Perkembangan hukum pembuktian dikalangan para praktisi hukum lingkungan dibuat kesulitan atau kebimbangan dalam mengatasi persoalan hukum atas bukti ilmiah yang berbeda tersebut. Untuk memberikan pedoman terhadap hal tersebut, Mahkamah Agung sebagai Lembaga Negara dengan fungsinya penyelengara Kekuasaan Kehakiman memberikan legalitas untuk menyikapi hal tersebut dengan mengeluarkan produk hukum dalam bentuk Peraturan Mahkamah Agung Republik Indonesia Nomor 1 Tahun 2023 Tentang Pedoman Mengadili Perkara Lingkungan Hidup[6]. 

Permasalahan perbedaan pendapat dari ahli atau hasil kajian ahli yang berbeda, PERMA memberikan jalan keluarnya, yakni sebagaimana dalam pasal 43 ayat (4) dengan redaksi “Apabila terjadi perbedaan pendapat di antara para ahli, Hakim Pemeriksa Perkara dapat meminta dihadirkan ahli lain atas biaya para pihak atau menggunakan pendapat ahli yang dianggap benar dengan memberikan alasannya dalam pertimbangan hukum”. PERMA tersebut mencoba memberikan jalan keluar yang cemerlang guna mengantisipasi kekosongan dalam kebutuhan praktik peradilan.

 

B. PERMASALAHAN

Lahirnya PERMA Nomor 1 Tahun 2023 mencoba memberikan jalan keluar yang efektif dari persoalan-persoalan pembuktian dalam perkara lingkungan khususnya perbedaan pendapat dari ahli atau hasil kajian ahli yang berbeda, namun demikian terdapat permasalahan baru yang sekiranya dapat terjadi dari persoalan dimaksud diantaranya: 

  1. apabila terdapat perbedaan pendapat ahli atau hasil penelitian ilmiah ahli dan ada keraguan hakim sehingga membutuhkan ahli lainnya dengan biaya ditanggung para pihak, bagaimana jika pihak keberatan untuk menghadirkan ahli lainnya ?
  2. apabila menghadirkan ahli lainnya bagaimana jika menghasilkan pendapat ahli yang berbeda dari ahli yang sudah dihadirkan dalam persidangan ?

 

C. PEMBAHASAN

1. PERATURAN MAHKAMAH AGUNG (PERMA) SEBAGAI SALAH SATU SUMNBER HUKUM

Dalam berbagai kalangan sering kita dengar berkenaan dengan sumber-sumber hukum yang menjadi pedoman dalam hukum di Indonesia yakni Peraturan Perundang-undangan, Kebiasaan, Traktat, Yurisprudensi, dan Doktrin[7], namun demikian dalam pemahaman hukum yang berkembang sumber hukum menjadi lebih luas, jika mendalami serta menelaah berkaitan dengan sumber hukum yang ada saat ini yakni dengan merujuk pada Undang undang Nomor 12 Tahun 2011 Tentang Pembentukan Peraturan Perundang-Undangan dalam pasal 7ayat (1) Jenis dan hierarki Peraturan Perundang-undangan terdiri atas: a.
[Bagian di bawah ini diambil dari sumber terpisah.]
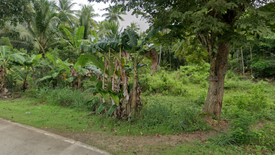 Land for sale in Candaping A, Siquijor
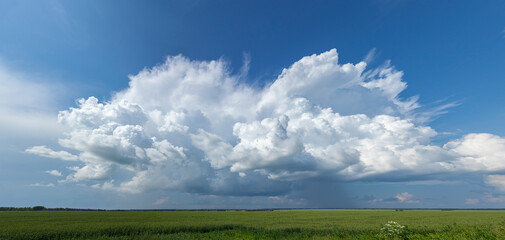 Big white cloud over a summer field that casts a shadow.
A large green field before the rain.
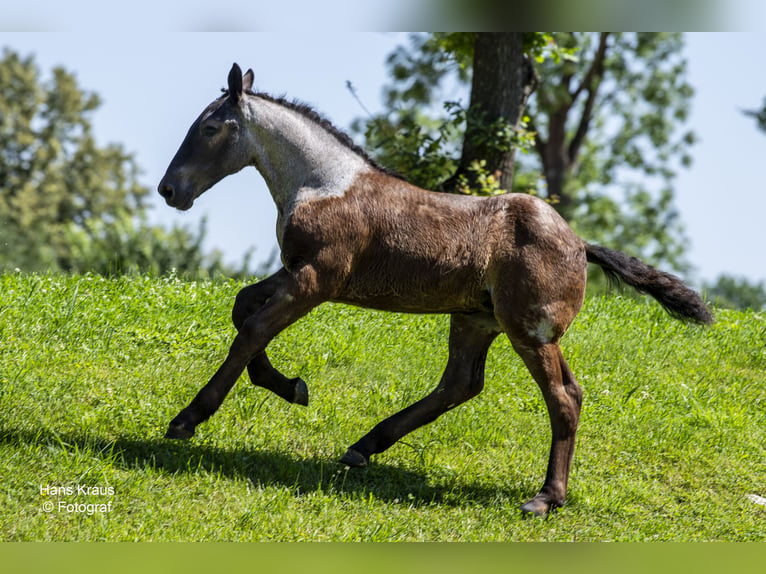 Norico Giumenta Puledri (03/2024) 160 cm Grigio in Lambach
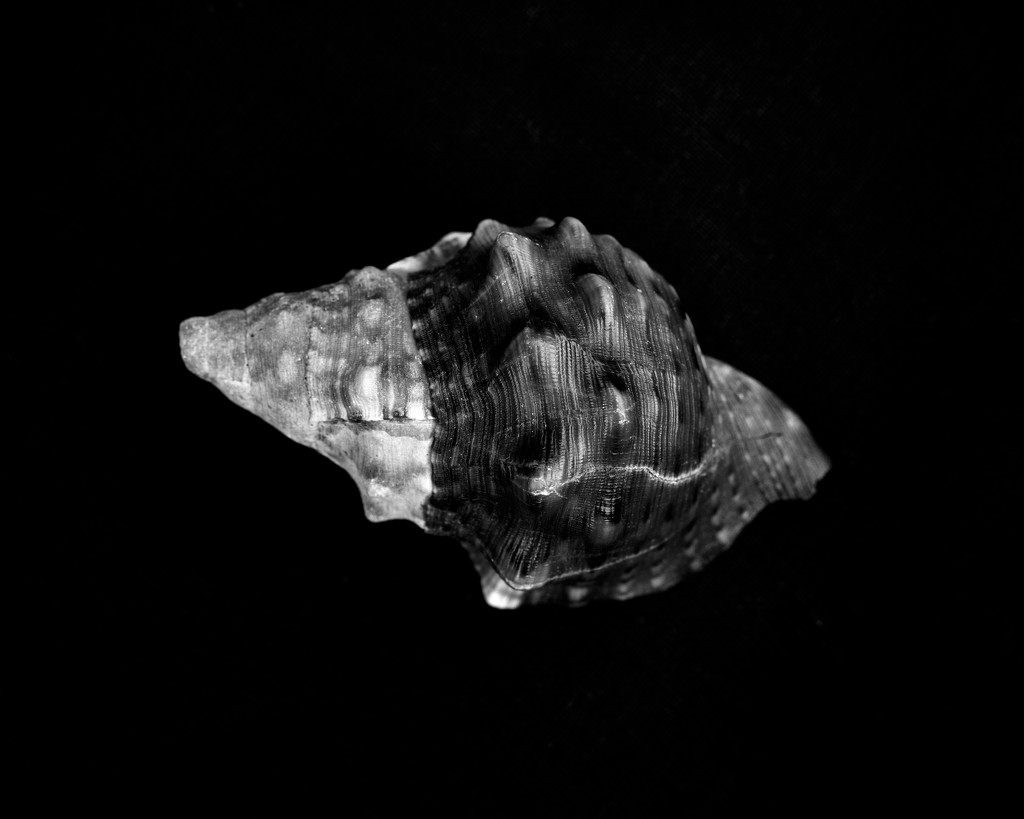 Silent shell by peterdegraaff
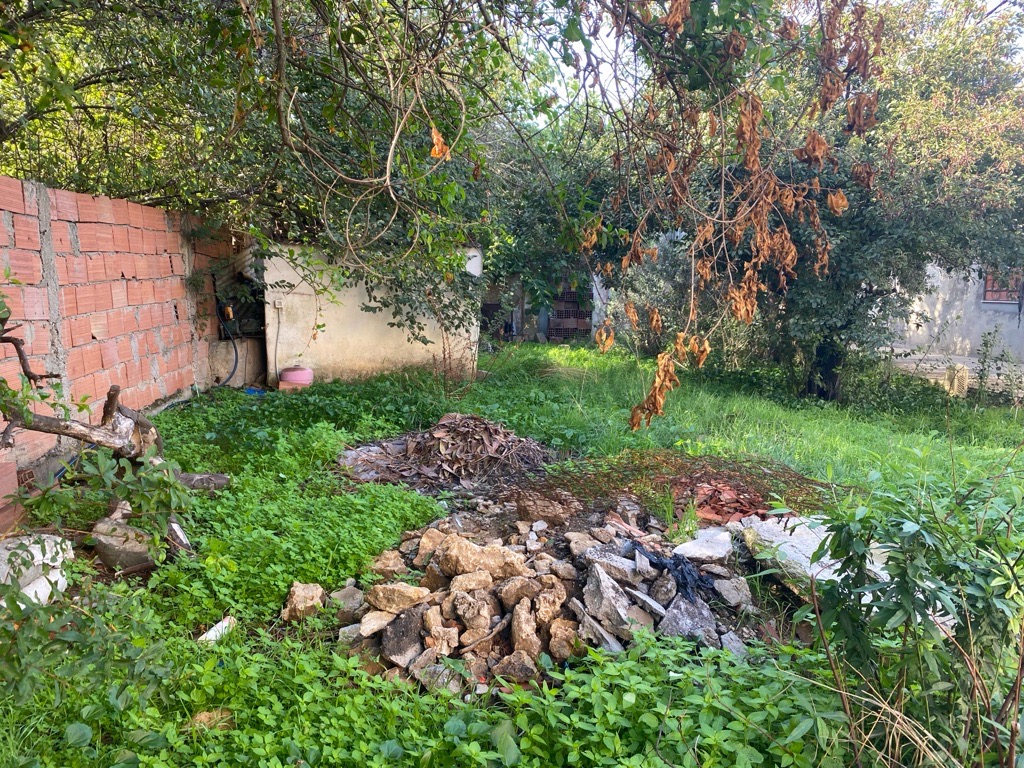 Terre a vendre a manzel bourgiba bizerte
Undang-Undang Dasar Negara Republik Indonesia Tahun 1945; b. Ketetapan Majelis Permusyawaratan Rakyat; c. Undang-Undang/Peraturan Pemerintah Pengganti Undang-Undang; d. Peraturan Pemerintah; e. Peraturan Presiden; f. Peraturan Daerah Provinsi; dan g. Peraturan Daerah Kabupaten/Kota. Dan selanjutnya ayat (2) Kekuatan hukum Peraturan Perundang-undangan sesuai dengan hierarki sebagaimana dimaksud pada ayat (1). Dalam lanjutannya yakni Pasal 8 (1) Jenis Peraturan Perundang-undangan selain sebagaimana dimaksud dalam Pasal 7 ayat (1) mencakup peraturan yang ditetapkan oleh Majelis Permusyawaratan Rakyat, Dewan Perwakilan Rakyat, Dewan Perwakilan Daerah, Mahkamah Agung, Mahkamah Konstitusi, Badan Pemeriksa Keuangan, Komisi Yudisial, Bank Indonesia, Menteri, badan, lembaga, atau komisi yang setingkat yang dibentuk dengan Undang-Undang atau Pemerintah atas perintah Undang-Undang, Dewan Perwakilan Rakyat Daerah Provinsi, Gubernur, Dewan Perwakilan Rakyat Daerah Kabupaten/Kota, Bupati/Walikota, Kepala Desa atau yang setingkat. Dan ayat (2) Peraturan Perundang-undangan sebagaimana dimaksud pada ayat (1) diakui keberadaannya dan mempunyai kekuatan hukum mengikat sepanjang diperintahkan oleh Peraturan Perundang-undangan yang lebih tinggi atau dibentuk berdasarkan kewenangan. Dari norma yang memberlakukan kaedah-kaedah sumber hukum yang ada tentu memberikan ketegasan yang rasional bahwa Peraturan Mahkamah Agung menempatkan dirinya sebagai sumber hukum yang keberadaannya secara tegas dan mempunyai kekuatan hukum mengikat sepanjang diperintahkan oleh Peraturan Perundang-undangan yang lebih tinggi, tentunya Mahkamah Agung sebagai penyelenggara Kekuasaan Kehakiman dalam kaedah konstitusi[8] dan Undang-undang Mahkamah Agung diberi ruang untuk merumuskan suatu norma yang dianggap terdapat kekosongan hukum yang akhirnya memberi celah yang positif dalam penegakan hukum khususnya khasanah peradilan.

 

2. ALAT BUKTI ACARA PIDANA DALAM KUHAP DAN ACARA PERDATA DALAM H.I.R. / R.Bg.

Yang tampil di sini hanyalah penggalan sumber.